Each line from the one with "Jamie O'Brien river wave surfing" through the last line of the material is to be printed exactly; no other line and no picture belongs in the copy.

--- --- ---

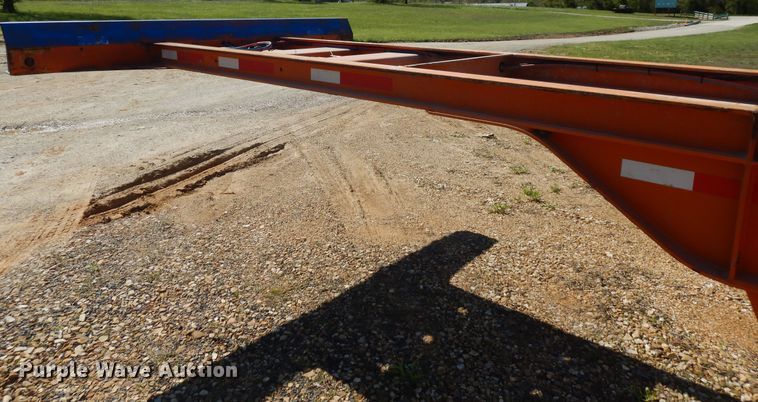 image for item DE5631 2001 Stoughton CCGN-48T flatbed trailer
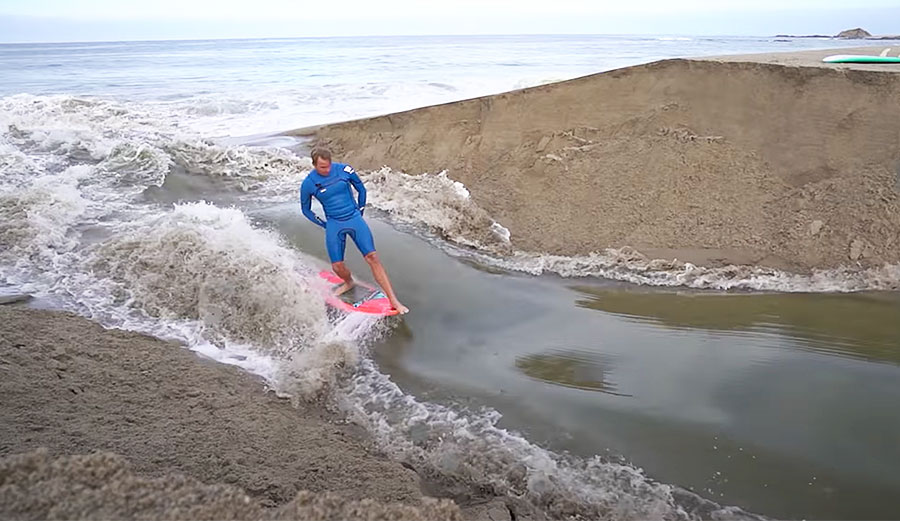 Jamie O'Brien river wave surfing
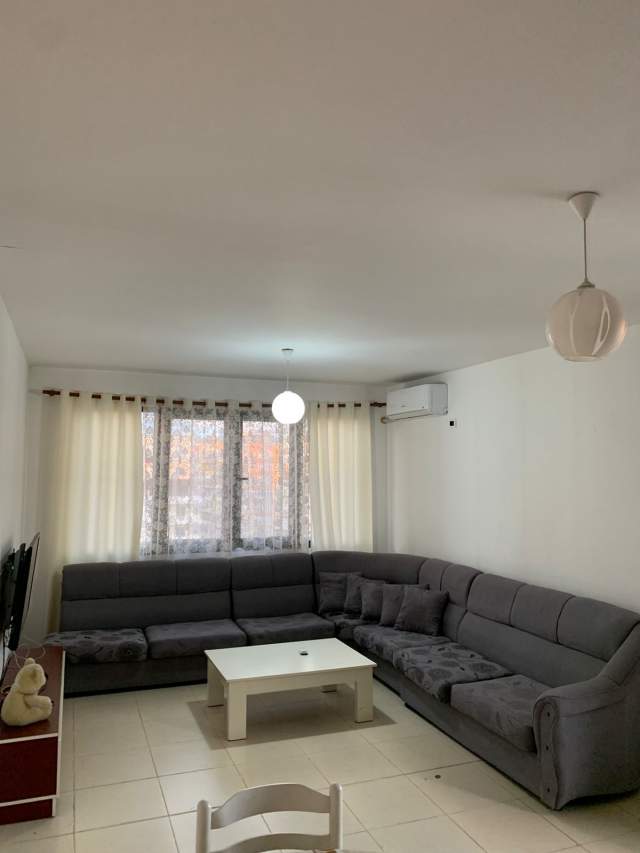 Tirane, jepet me qera apartament 2+1 140 m² 400 Euro (Astir, Vila L)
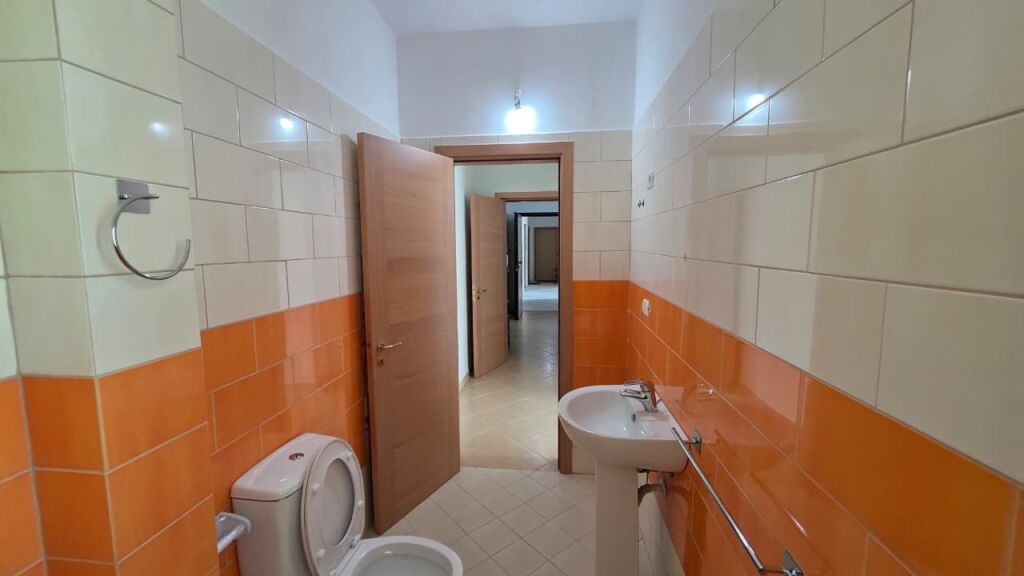 APARTMENT 2+1 FOR RENT NEAR THE BOULEVARD  VLORË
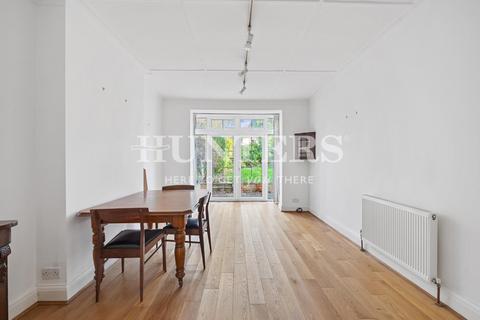 3 bedroom house to rent, Llanvanor Road, Hampstead, London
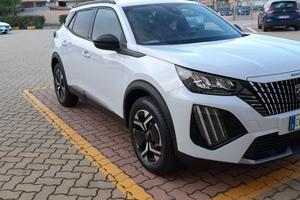 Peugeot 2008 PureTech 1.2 130 cv automatica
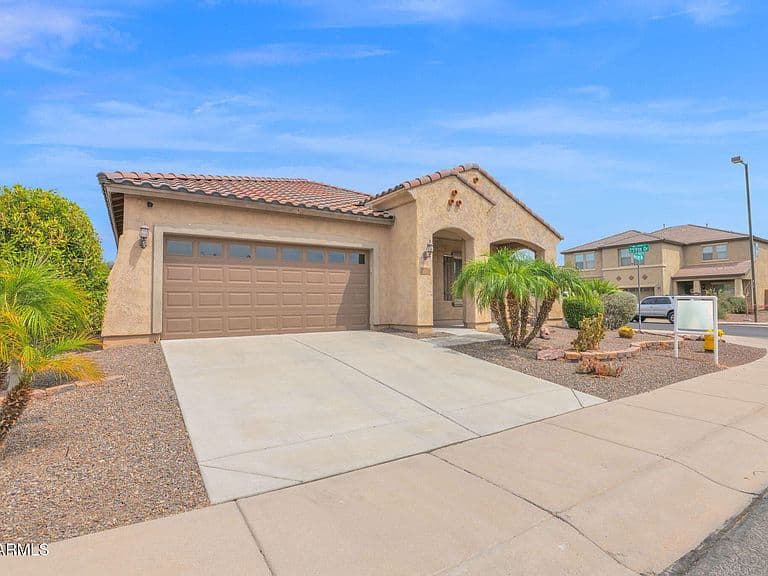 25938 W Potter Drive photo 3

--- --- ---

**EXERCISE RESPONSE**
 Jamie O'Brien river wave surfing
 Tirane, jepet me qera apartament 2+1 140 m² 400 Euro (Astir, Vila L)
 APARTMENT 2+1 FOR RENT NEAR THE BOULEVARD  VLORË
 3 bedroom house to rent, Llanvanor Road, Hampstead, London
 Peugeot 2008 PureTech 1.2 130 cv automatica
 25938 W Potter Drive photo 3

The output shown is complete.